У нее вырвался истерический смешок, но она быстро взяла себя в руки.

— Именно так, — спокойно продолжал комиссар. — Следовательно, предстоит уголовное расследование, а это моя работа, чем и объясняется табличка на двери. И закончится расследование судебным процессом. Когда мы найдем нападавшего, — пояснил он. — Так что в данный момент, мадам, у вас есть выбор. Я веду расследование, и у меня возникнут к вам вопросы. Мы постараемся проявить максимум тактичности, но вопросы могут быть личными, нескромными, даже болезненными. Мне придется осмотреть ваш дом.

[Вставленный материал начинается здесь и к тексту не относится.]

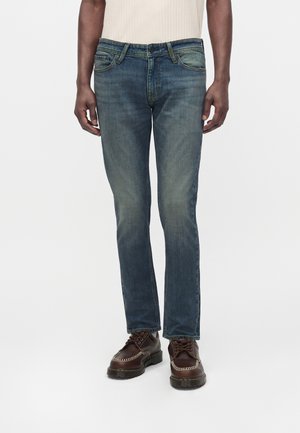 Man die vervaagde blauwe denim jeans en donkerbruine leren veterschoenen draagt, staand tegen een witte achtergrond.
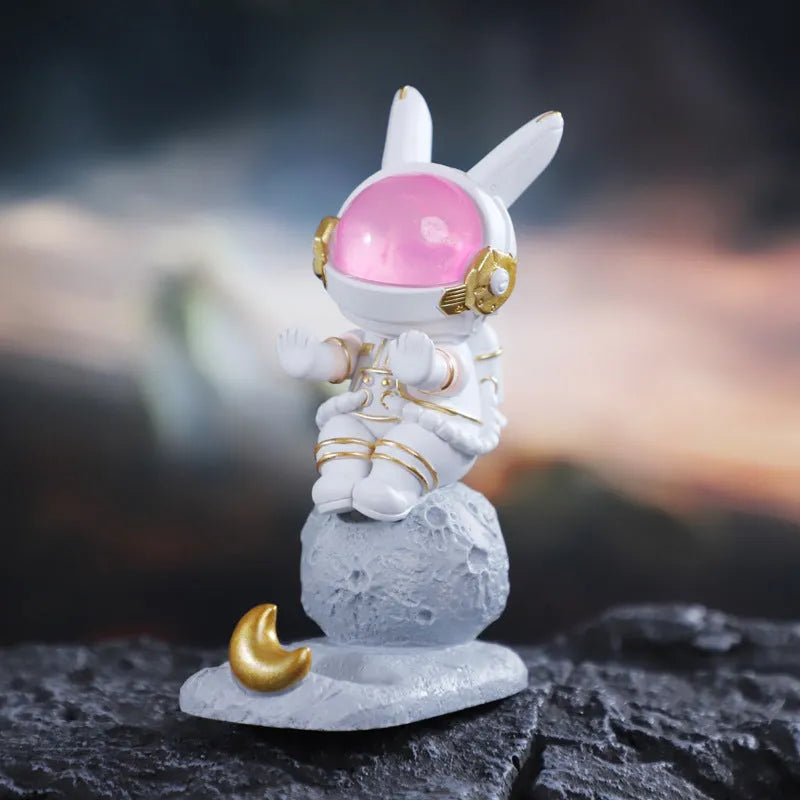Space Rabbit resin phone stand in pink holding a smartphone on a desktop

Она беспомощно смотрела на него, казалось не понимая ни единого слова. Но на самом деле просто пребывала в шоке.

— Я пытаюсь объяснить, что у вас может возникнуть желание получить совет, профессиональную помощь, некую защиту. Нет-нет, это ни в коей мере не означает, что я подозреваю вас или считаю виноватой. Я лишь хочу вас предупредить. Вам может показаться, что я в некотором роде обманываю вас… Вы меня понимаете?

— Вы имеете в виду адвоката?

— Я имею в виду друга, который мог бы дать вам совет. Адвокат вам совсем не требуется. Вы могли бы от него отказаться?

— Что это меняет? — Все та же беспомощность.